# furries



## Esphas (Nov 9, 2015)

what exactly are they? i know theyre hated but im too nervous to look any further into it lmao. ive not heard anything nice. are there any here? do you like them? im not interested in being one personally


----------



## piichinu (Nov 9, 2015)

You suck

- - - Post Merge - - -

*****


----------



## Pokemanz (Nov 9, 2015)

Furries are so bara and they just totally get me where I need to be. Me and my luver are gonna wear matching fursuits and hit the town later. You should come!


----------



## tumut (Nov 9, 2015)

Yes! I'm a furry! I have 3 main fursonas lol.

Here are some nice convos i've had with cool furries on omegle


Spoiler


----------



## boujee (Nov 9, 2015)

Animal crossing is a furry game


----------



## Jacob (Nov 9, 2015)

edit: no i aint a furry

i dont have a prob with them they can be cool sometimes


----------



## Mimi Cheems (Nov 9, 2015)

Furry's can be pret. cool sometimes! I'm just not interested in being one! Most people treat furries like total crap-- sometimes at con's, the furry cosplayers get like attacked and people touch their fursuits and stuff without their permission... @_@ It's bad haha


----------



## Ghost Soda (Nov 9, 2015)

Though I have no problem with furries. As long as you're not hurting anybody, you do you.


----------



## King Dorado (Nov 9, 2015)

Oh, i thought this asked if anyone is a F_u_ry.  haha- no i'm not a furry.  nor am i a fury, although it sometimes follows that in fierce tempest i come.


----------



## Shimmer (Nov 9, 2015)

Furries are people who are attracted to animals/anamorphic animals. I have no problem with them but I am not one.


----------



## Damniel (Nov 9, 2015)

I like anthropomorphic creatures(More human with mammal traits mainly), if that makes me a furry then yes i am. 

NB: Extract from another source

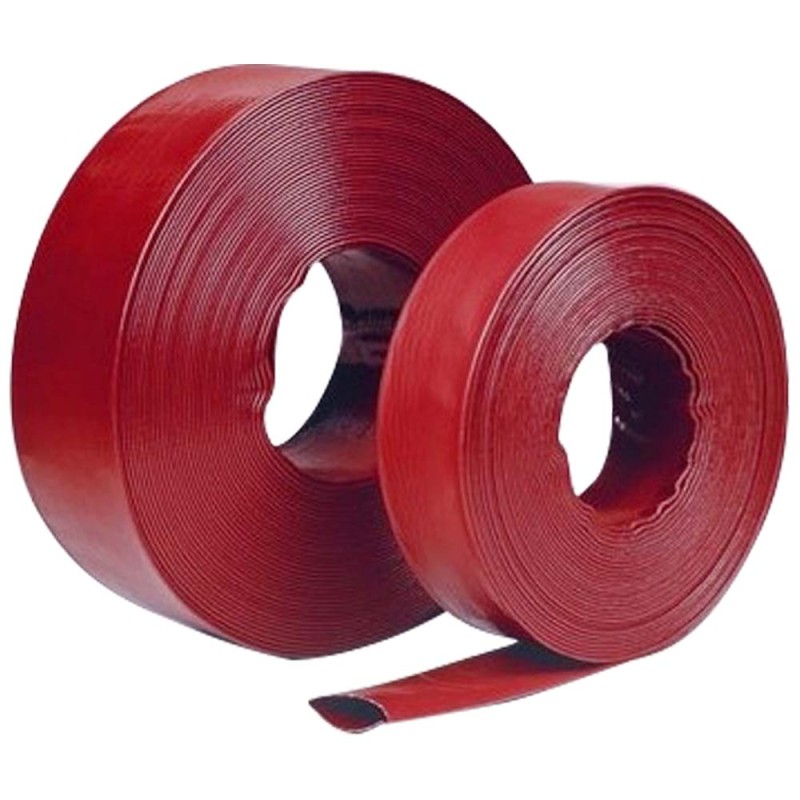 PVC Layflat Hose-CHN 6❊100 MTR❊8BAR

I don't go around the town in a fur suit though.


----------



## DarkDesertFox (Nov 9, 2015)

I know anime conventions are supposed to be accepting and everything, but I admit I get a little weirded out when I see people in furry suits at them. It's not really from an anime, game, movie or anything so... I don't feel like the furry suits really fit in at conventions.


----------



## Damniel (Nov 9, 2015)

Shimmer said:


> Furries are people who are attracted to animals/anamorphic animals. I have no problem with them but I am not one.

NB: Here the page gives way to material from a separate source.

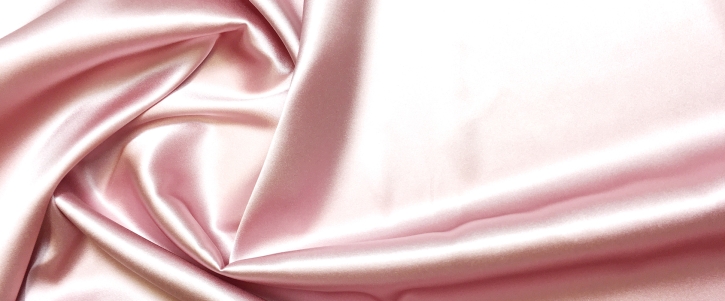 Silk stretch - pink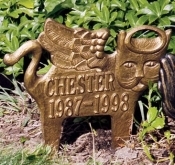 Pet Plaques & Memorials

I like more human traits though, more animal like is weird.

- - - Post Merge - - -

Here's an example of furries


----------



## Trundle (Nov 9, 2015)

I know some furries in real life... 90% of the time they are really socially awkward and have weird issues. If they get emotional they just respond to emotional things in a childish way. One guy I know has a little toy tiger or something and one day he came into my Philosophy class looking really sad and just kept petting it every few minutes. I think he sometimes uses it as a coping mechanism.


----------



## Earth Wolf-Howl (Nov 9, 2015)

Furries are basically just people who like anthropomorphic animals and dress as anthropomorphic characters/their fursona (basically anthro OC) in 'fursuits' (basically mascot costumes) at conventions.

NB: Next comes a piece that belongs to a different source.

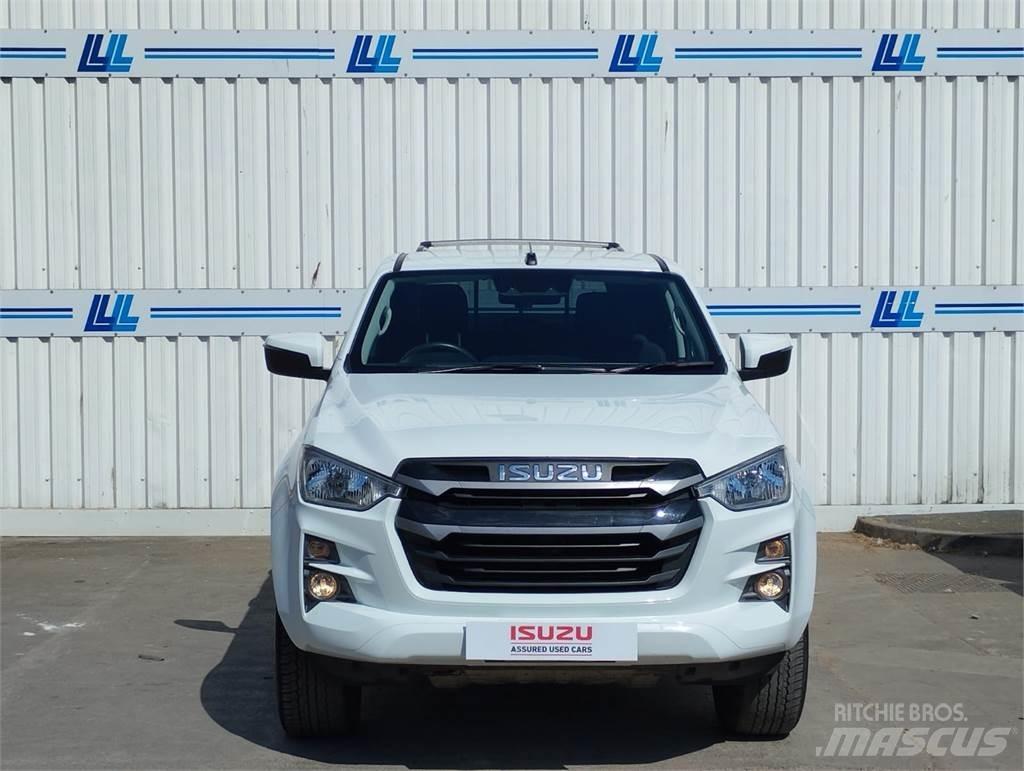 Isuzu DL20 Pickup/Pritschenwagen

And yes, I'm a furry. So I know.


----------



## boujee (Nov 9, 2015)

I mostly see porn when I type in furries 
If that's a way to express your gratitude in animals then you may need help


----------



## Mariah (Nov 9, 2015)

I hate furries a lot. If you're a furry, I will hate you. The costumes are ugly as ****. I guess I could say the same thing about mascots.


----------



## nerdatheart9490 (Nov 9, 2015)

I'm not a furry, but I am a bit of a plushophile.


----------



## Bowie (Nov 9, 2015)

Sometimes it can get a little too weird for me, but I don't have anything against them. I don't particularly care either, though.


----------



## Hermione Granger (Nov 9, 2015)

YO I used to know a furry. He didn't dress the part, but he only draws furries and he carried furry plushies and he literally made out with a furry plush and it was bizarre. I wish I could say I was lying, but I'm not. It was a very strange senior year for a lot of us. His drawings had furries with big tatas and wide hips and they ranged from bodacious horse ladies to samurai frogs. 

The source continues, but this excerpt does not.